ConFlux is a cluster that seamlessly combines the computing power of HPC with the analytical power of data science. The next generation of computational physics requires HPC applications (running on external clusters) to inter-connect with large data sets at run time. ConFlux provides low latency communications for in- and out- of-core data, cross-platform storage, as well as high throughput interconnects and massive memory allocations. The file-system and scheduler natively handle extreme-scale machine learning and traditional HPC modules in a tightly integrated work flow — rather than in segregated operations — leading to significantly lower latencies, fewer algorithmic barriers and less data movement.
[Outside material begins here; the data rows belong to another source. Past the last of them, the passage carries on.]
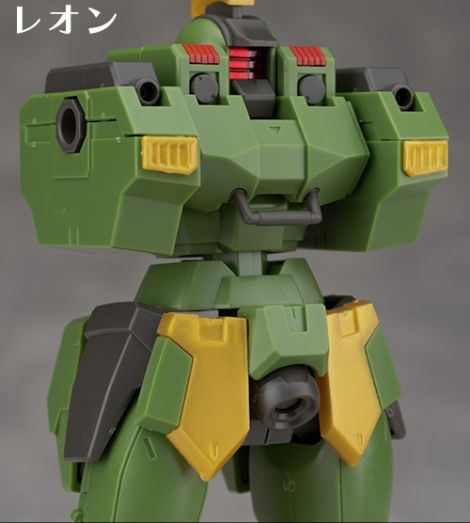 HGAC 1/144 레온 해외 리뷰_20.jpg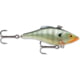 Rapala Rattlin' 05 Lure Bluegill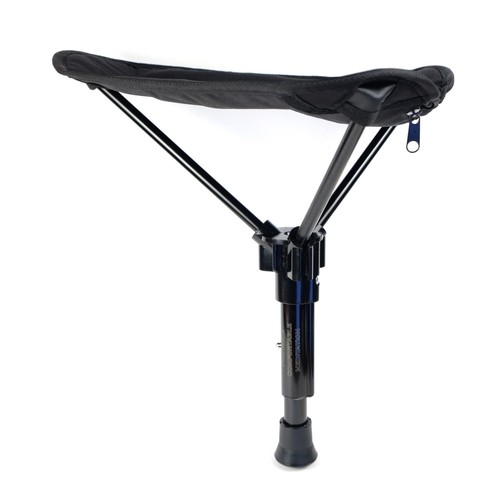 Meditation stool portable - meditation,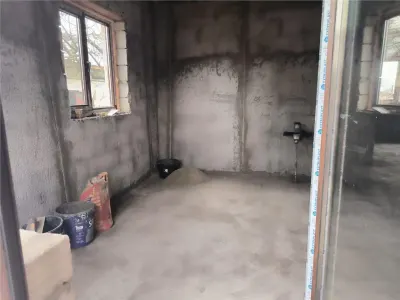 Casa de vanzare Draganescu,Mihailesti,toate utilitatile - foto 2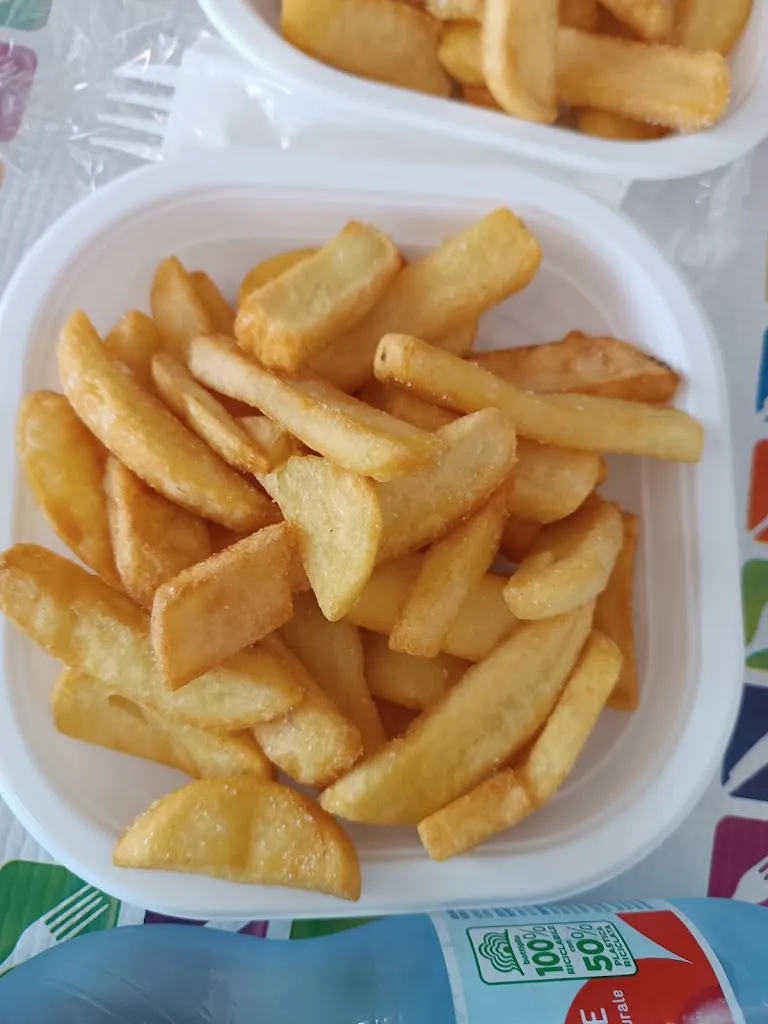 Menu_Conad - Bistrot Cafè_Santa Domenica_immagine_4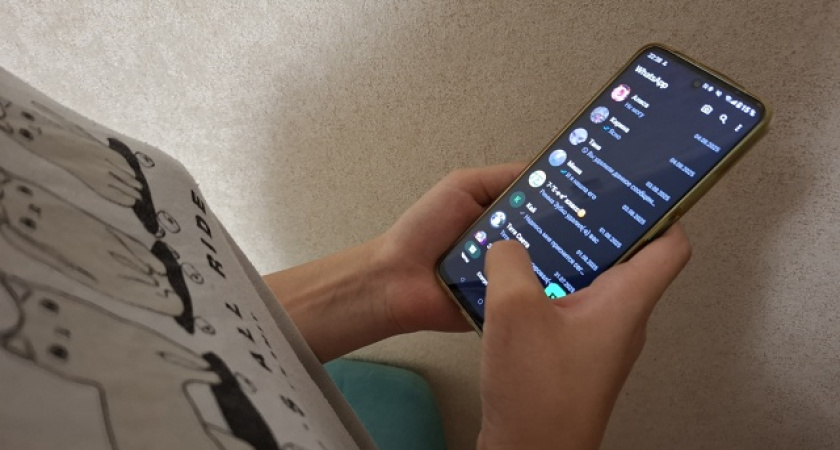 Установил MAX — и сразу все понял: что миф, а что правда — личный опыт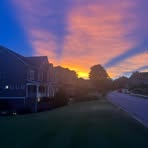 Addison Gorman - Facebook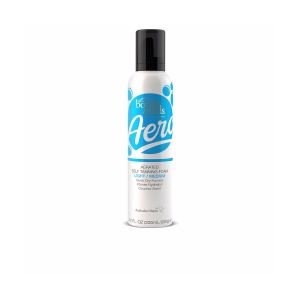 Bondi Sands - Aero Aerated Self Tanning Foam Light Medium 225 Ml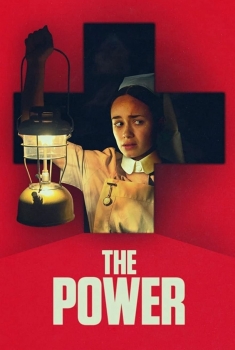 The Power  (2023)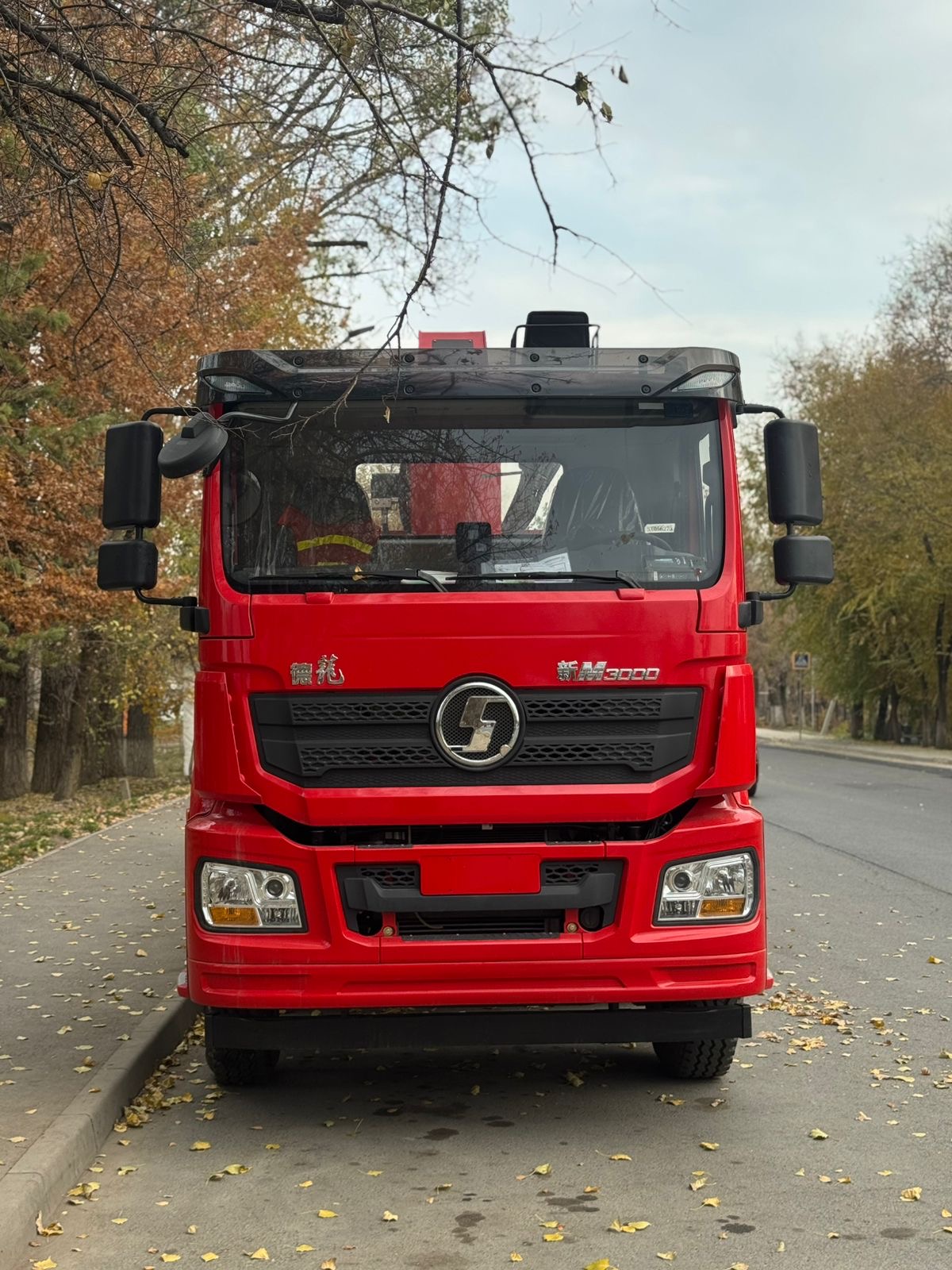 Услуги манипулятора - фото 2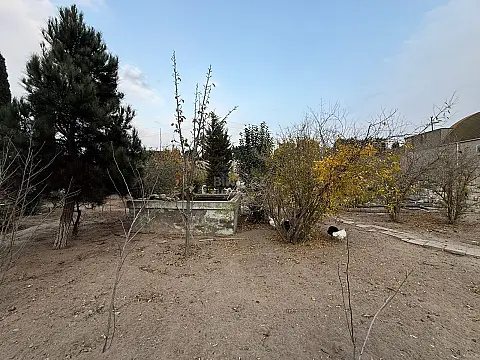 Satılır torpaq sahəsi 10 m²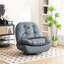 Fauteuil inclinable Berryman-1248054819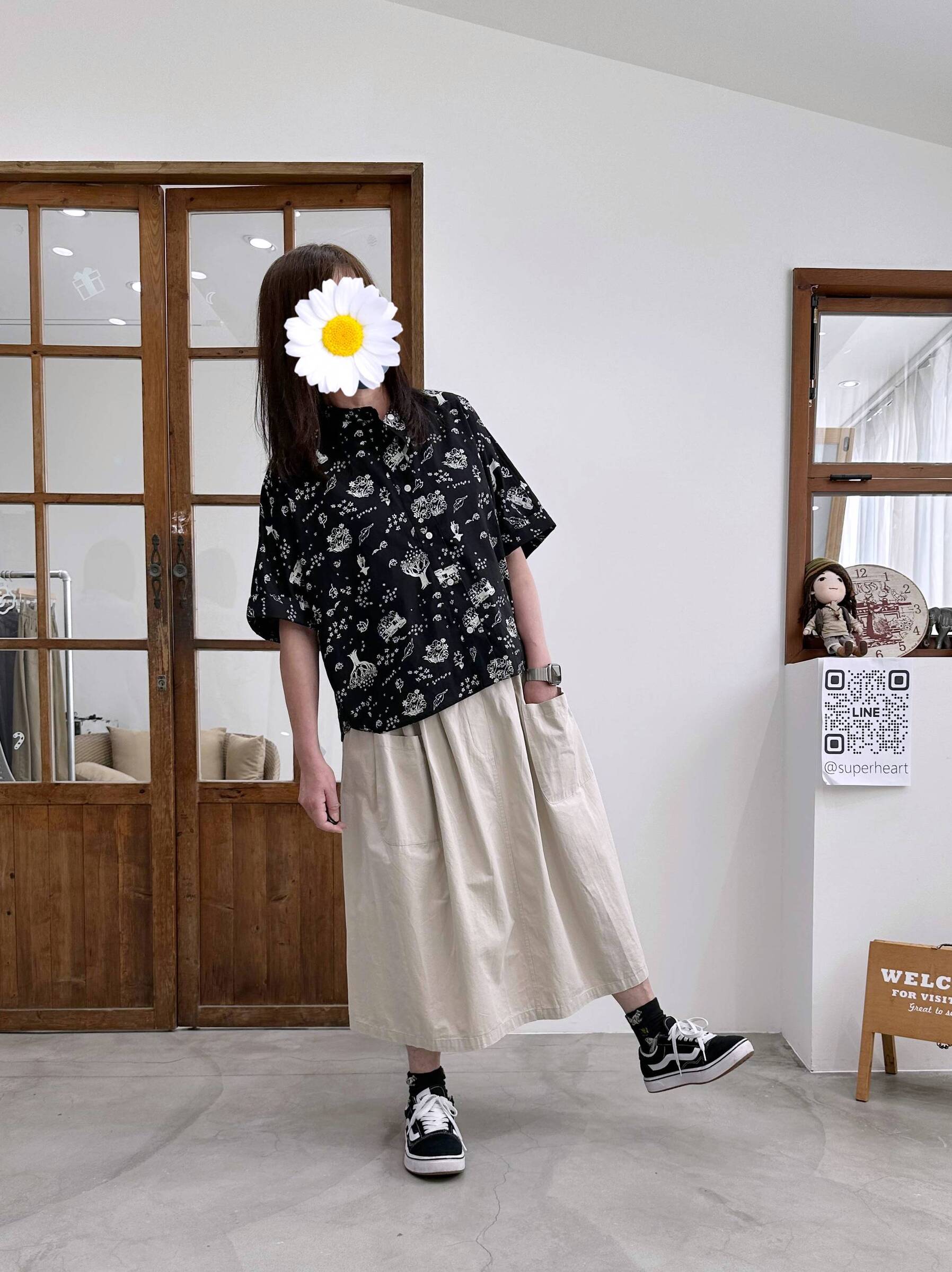 相片 2026-3-13 下午4 06 50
The ConFlux cluster will be built with ~43 IBM Power8 CPU two-socket “Firestone” S822LC compute nodes providing 20 cores in each, and fifteen Power8 CPU two-socket “Garrison” compute nodes providing an additional 20 cores each. Each of the Garrison nodes will also host four NVIDIA Pascal GPUs connected via NVIDIA’s NVLink technology to the Power8 system bus. Each node has a local high-speed flash memory for random access.
All compute and storage is connected via a 100 Gb/s InfiniBand fabric. The IBM and NVLink connectivity, combined with IBM CAPI Technology will provide an unprecedented data transfer throughput required for the data-driven computational physics researchers will be conducting.
ConFlux is funded by a National Science Foundation grant; the Principal Investigator is Karthik Duraisamy, Assistant Professor of Aerospace Engineering and Director of the Center for Data-Driven Computational Physics (CDDCP). ConFlux and the CDDCP are under the auspices of the Michigan Institute for Computational Discovery and Engineering.